“Multimedia is the only way to go”

The Danish photojournalist and multimedia producer Henrik Kastenskov from production house Bombay Flying Club (BFC) hosts the 3-day workshop Multimedia Storytelling for Photographers during the first PhotoStories conference. An interview about ‘the platform of the future.’

What were your main objectives for founding BFC?
‘We started our production company partly out of frustration. Poul Madsen and myself worked as photojournalists for national Danish newspapers. At one point it was just not satisfying anymore, the size of our images reduced more and more, photos were often tucked away in the corner of the paper. In 2005 we got in touch with web documentaries, which intrigued us instantly as the web as a media platform is a unique and exciting medium with its own set of rules.’

So you started to work on your first web documentary right away?
‘Yes, in 2006 we produced The Ardoyne Suicides, a webdoc about a suicide spate in Belfast, Northern Ireland. The project was filmed in Ardoyne and Glenbryn, two small neighbouring communities on different sides of the sectarian divide at the outskirts of Belfast. There, 13 people committed suicide during a six-week period at the end of 2003 and early 2004. The story is divided into short chapters and focuses on the deaths of three young men during this period.’

Was it well received?
‘We were awarded second place in the Best of Photojournalism category, organised by the National Press Photographers Association. It was a great start of our new mission: Taking photojournalism a step further. To this day we still receive email responds to the story on a regular basis.’

What is your opinion about photography and new media?
‘It’s the only way to go. Due to the recession of the print media, the web became the important platform. It is important that big media find a new way to tell stories, and from that earn money. Because the web allows everyone of us to publish stories worldwide, it can lead to a decline in quality, and without a high quality in reporting, journalism on the web is obsolete. This is the major challenge of the platform.’

“Bad sound kills great photography. If the audio is crap, people click away”

Is it a challenging field for photographers?
‘Oh yes, one of the biggest challenges is to convey the fact that audio is a vital part of photography. Bad sound kills great photography. If the audio is crap people click away instantly. The trick is to approach the web as a unique medium with a unique set of rules if you will. You have to tell a complete story in 5 to 15 minutes. That is a very dense form of documentary. It is pretty hard to narrow a story down and keep it subtle at the same time.’

What is your favourite multimedia project ever?
‘Bjarke Myrthu produced an interactive documentary in 2004, The Enemy Within. It still sets the standard, even though it is seven years old. It is very well made. The sound, photos, storyline, graphics, it is the whole package that makes it such an amazing project. He really pushed the possibilities of the medium.’
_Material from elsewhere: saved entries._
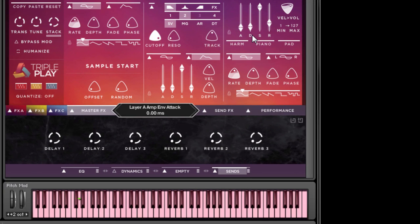In this example, I've tied my keyboard's mod wheel — MIDI CC Number 1 — to the attack slider of the amplifier section. Simple, right?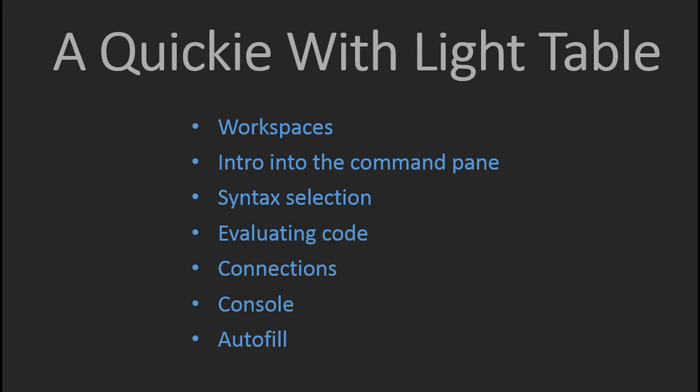This is a very basic tutorial on Lighttable, just in case you forgot a few things. These are the topics we'll be covering today.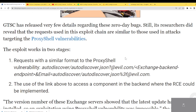GTSC released very few details regarding the zero-day bug, but researchers did reveal that the requests using the exploit chain are similar to those used in attacks targeting the ProxyShell vulnerability — that was just a couple of weeks ago.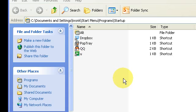You can even put internet shortcuts here, so that someone's default browser will automatically open up any given web pages that you want to have open.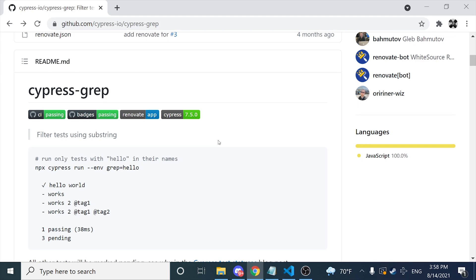Hey guys, welcome back to Joang Media. Today I have a very interesting video about this Cypress plugin, which is CypressGrep.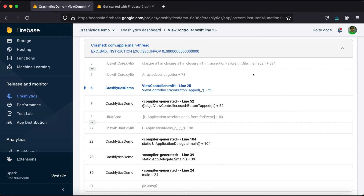So that's all about Firebase Crashlytics and how we can integrate it into our iOS app to track crashes happening inside the app. I hope you enjoyed this tutorial. If you have any questions, feel free to comment on this video. If you liked it, please share and give it a thumbs up. Have a nice day, bye for now.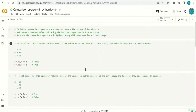Welcome everyone. In this lecture, we are going to learn about comparison operators in Python. Comparison operators are used to compare the values of two objects and return a boolean — a true or false value — indicating whether the comparison is true or false.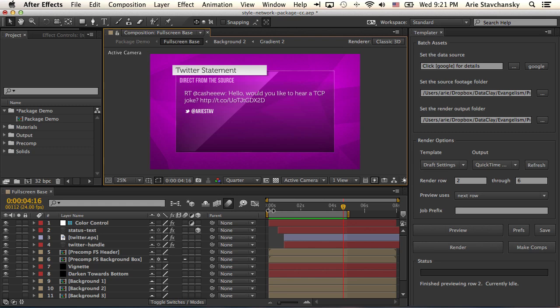In this example, I'm going to show you how you can use third-party APIs with Google Sheets and pipe that data right into your After Effects project.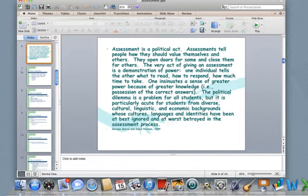The political dilemma is a problem for all students, but it is particularly acute for students from diverse cultural, linguistic, and economic backgrounds whose cultures, languages, and identities have been at best ignored and at worst betrayed in the assessment process. A very, very powerful quotation from Garcia and Pearson.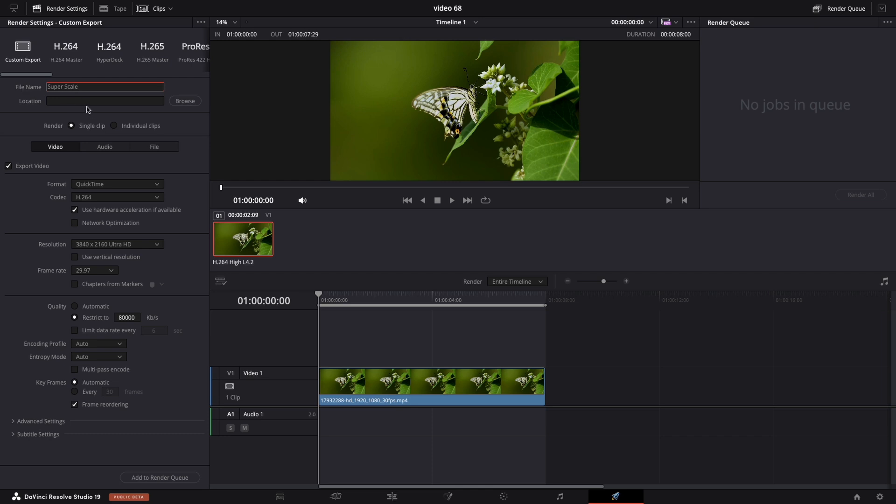And you're good to go. The last step is add to render queue. But be aware because this will totally max out your computer, so you can choose some activity while this is rendering. Just don't touch it.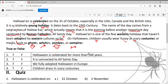好，我们来看题目。Number one：Halloween is celebrated for more than 500 years，已经超过五百年、五个世纪了。T是正确，F是错误，你觉得是T or F，自己选。Number two：它跟全部圣人节日是有关的。Number three：We fully adopted Halloween in Europe，在欧洲完全所有国家都接纳万圣节这个节日。Number four：Children dress in scary costumes，小孩子会穿着可怕的服装。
Do you consider your latest project, A Matter of Decency, equally successful?
A Matter of Decency was very much a Danish story, which I really liked. In 2009 we looked at our portfolio and realised that we went everywhere but Denmark. The story is about Danish citizens who choose to break the law in order to help underground refugees. In terms of hits it was not so successful, in terms of impact it was. We won the first prize in Best of Multimedia in the Danish Picture of the Year awards, so we did something right. We weren’t able to push it to Danish media, which was predictable because web documentaries in Denmark’s big media really hasn’t moved beyond Soundslides. I regret that Denmark is so conservative. I really wonder if that will ever change.’

This interview was published on the website and in the programmeguide of the PhotoStories conference, May 2011.